**Data:**

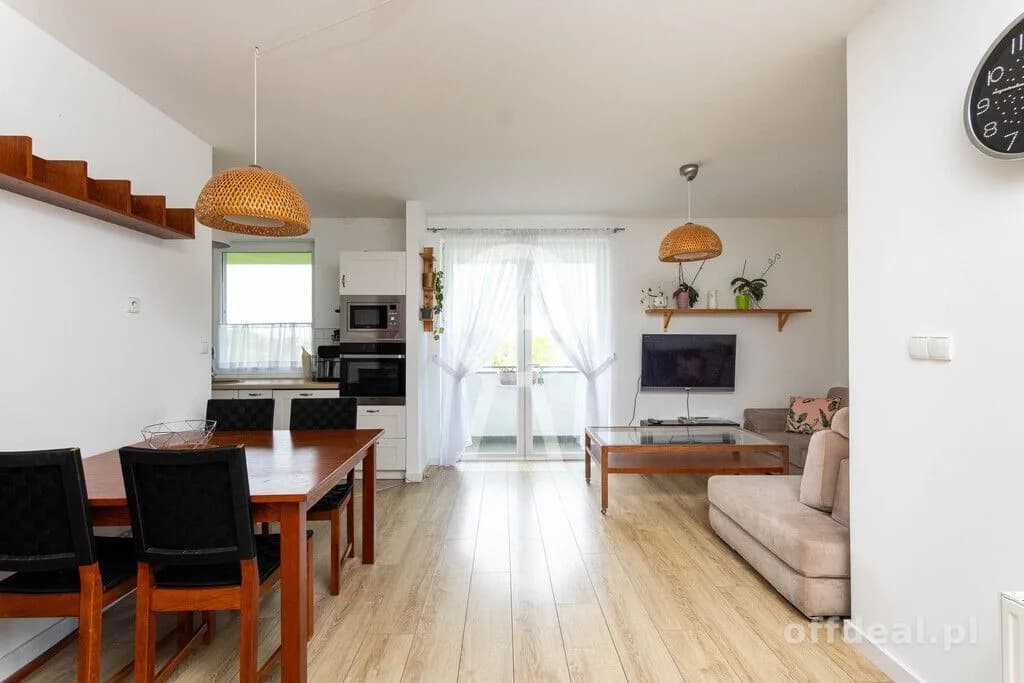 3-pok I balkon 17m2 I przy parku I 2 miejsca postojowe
--
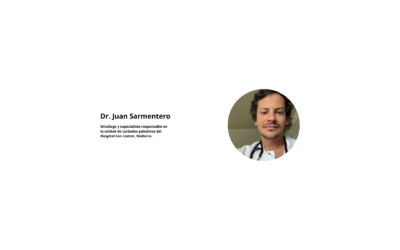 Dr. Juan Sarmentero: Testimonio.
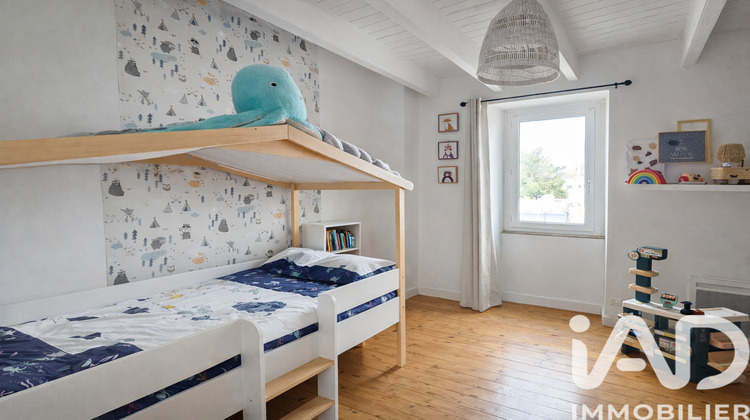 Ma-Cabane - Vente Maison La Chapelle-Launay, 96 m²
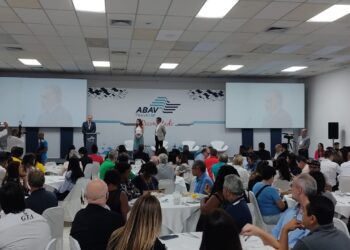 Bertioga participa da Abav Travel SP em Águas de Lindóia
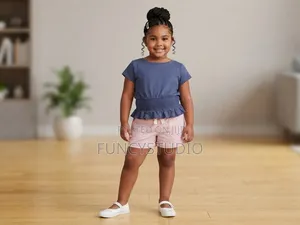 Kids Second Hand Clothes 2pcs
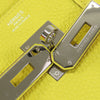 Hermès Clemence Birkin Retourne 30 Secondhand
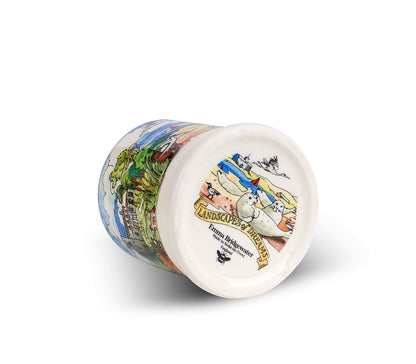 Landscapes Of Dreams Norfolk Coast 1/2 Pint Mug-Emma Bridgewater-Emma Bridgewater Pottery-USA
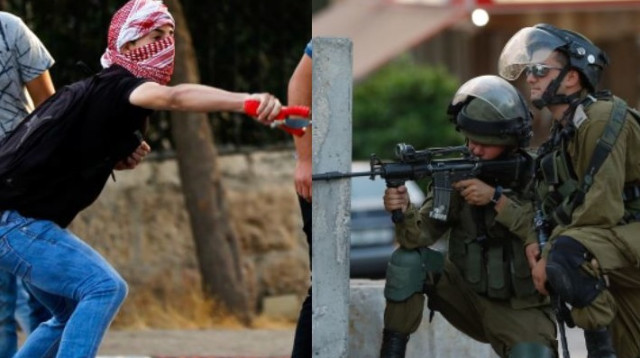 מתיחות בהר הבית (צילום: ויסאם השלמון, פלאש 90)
---
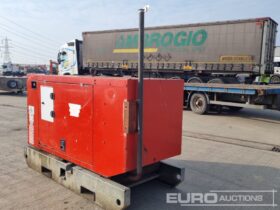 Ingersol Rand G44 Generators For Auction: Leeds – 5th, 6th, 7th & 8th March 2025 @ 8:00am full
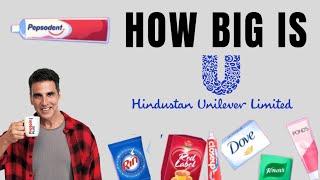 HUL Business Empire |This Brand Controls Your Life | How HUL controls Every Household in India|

**What the task asks:** Word for word, restate the lines above from the one with "Kids Second Hand Clothes 2pcs" through the one with "מתיחות בהר הבית", keeping both ends and dropping the pictures.

**Reply to the task:**
 Kids Second Hand Clothes 2pcs
 Hermès Clemence Birkin Retourne 30 Secondhand
 Landscapes Of Dreams Norfolk Coast 1/2 Pint Mug-Emma Bridgewater-Emma Bridgewater Pottery-USA
 מתיחות בהר הבית (צילום: ויסאם השלמון, פלאש 90)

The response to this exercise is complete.